Miniature Buildings is a free site. It has always been advert free and I'm planning to keep it like that. No subscription is required but if you would like to be on our mailing list so that we can let you know when new content is available for you to read please send an e-mail to: Miniature Buildings.
All the articles and previous blog posts are available through the dropdown menus at the top of each page. Please feel free to explore.
This site was begun in 2019 but I do have to admit that some of the old articles are recycled versions of pieces writen a long time ago for a long lost site called The Miniature Builder which tried to use a magazine format and was aimed more at active modellers. My dreams of becoming a great modeller of buildings (and of running a commercial online magazine or model building shop) have long evaporated. Now I'm just an enthusiast who likes to write.

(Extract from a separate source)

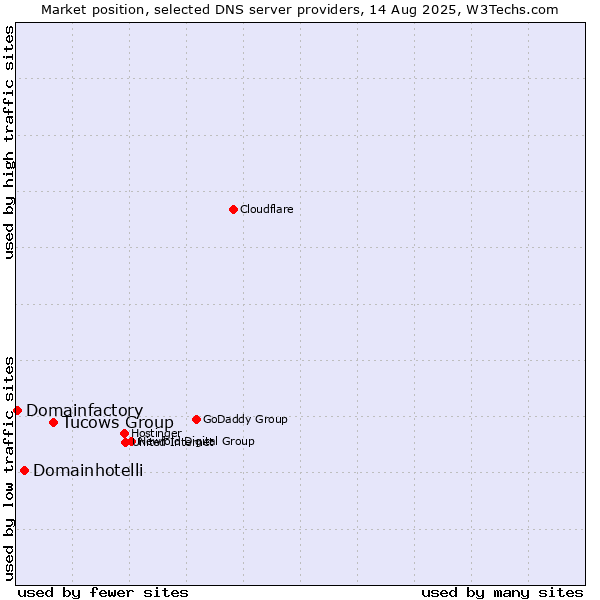 Market position of Tucows Group vs. Domainhotelli vs. Domainfactory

The Miniature Builder was not a total failure. We were happy to receive lots of e-mails from readers, and reviews in the modelling press, and especially delighted that what we were doing was well received. Despite modesty being a virtue (and pride .....) I still treasure some of the quotes:
" very interesting" ....."it could develop into a wonderful resource"...."good job and looking forward to more" ...."a great online magazine" ...."wonderful idea" ...."an interesting and informative review of scale and sources" ....."a nice blend of pictures, good writing, and good information" ....."the first issue is terrific
One very pleasant surprise was that interest came from all around the world - New Zealand, Australia, Netherlands, Chile, Canada and all over the USA from Florida to Alaska as well as the UK readership I had in mind. Which, I guess, is why it is called the World Wide web.

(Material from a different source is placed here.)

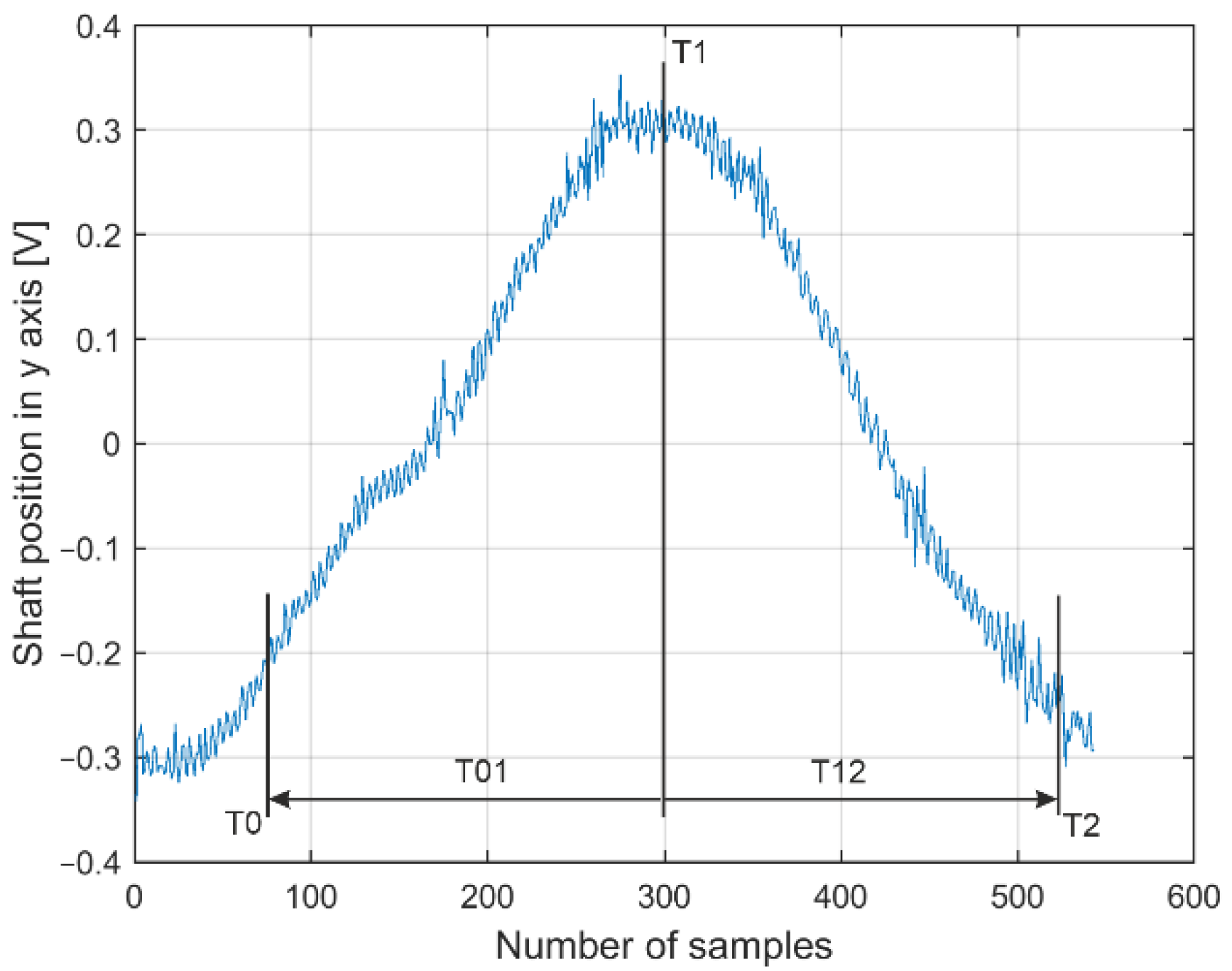 Applsci 13 02160 g001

I hope this new incarnation will please readers as well. But if you think it could be improved please do not hold back from e-mailing Miniature Buildings at MiniatureBuildingSite@gmail.com;and letting me know how.
David Wallis
refreshed September 2025
P.S. Just in case you thought you understood what model making was about, you might consider this abstract of an article entitled "Divergent Thinking in the Construction of Architectural Models " by Kyle W. Talbott ; International Journal of Architectural Computing , Volume 2, Number 2, 1 June 2004, pp. 263-286(24) . I fear the full article is probably beyond my comprehension.

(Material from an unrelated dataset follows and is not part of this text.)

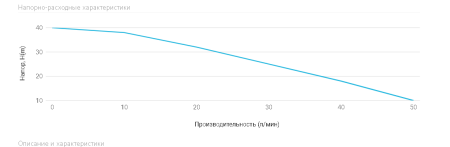 Станция авт.водоснабжения AUTO JS 100-50, 1050 Вт max (750 Вт), Hmax-40м, Qmax-55 л/мин,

"The article examines one little understood but ubiquitous form of divergent thinking achieved intermittently during the act of drawing or modeling. It is argued that this phenomenon, here called intermittent divergence, is rooted in a special kind of interaction between perception and imagination, and that this interaction has specific experiential requirements. Three requirements are defined. The resulting new theory then provides a framework for the critical analysis of conventional digital modeling and parametric modeling. Conventional modeling methods are shown to satisfy the requirements for intermittent divergence, while parametric modeling methods are shown to undermine them. The article concludes that parametric systems, as currently developed, could inhibit rather than augment this important route to creativity. Additionally, the article questions prevailing beliefs about the computer support of creativity, including the premise that sketching is an ideal creative medium and the premise that ambiguity in graphical depictions is key to the support of creativity. The theory offers an alternative view on these issues."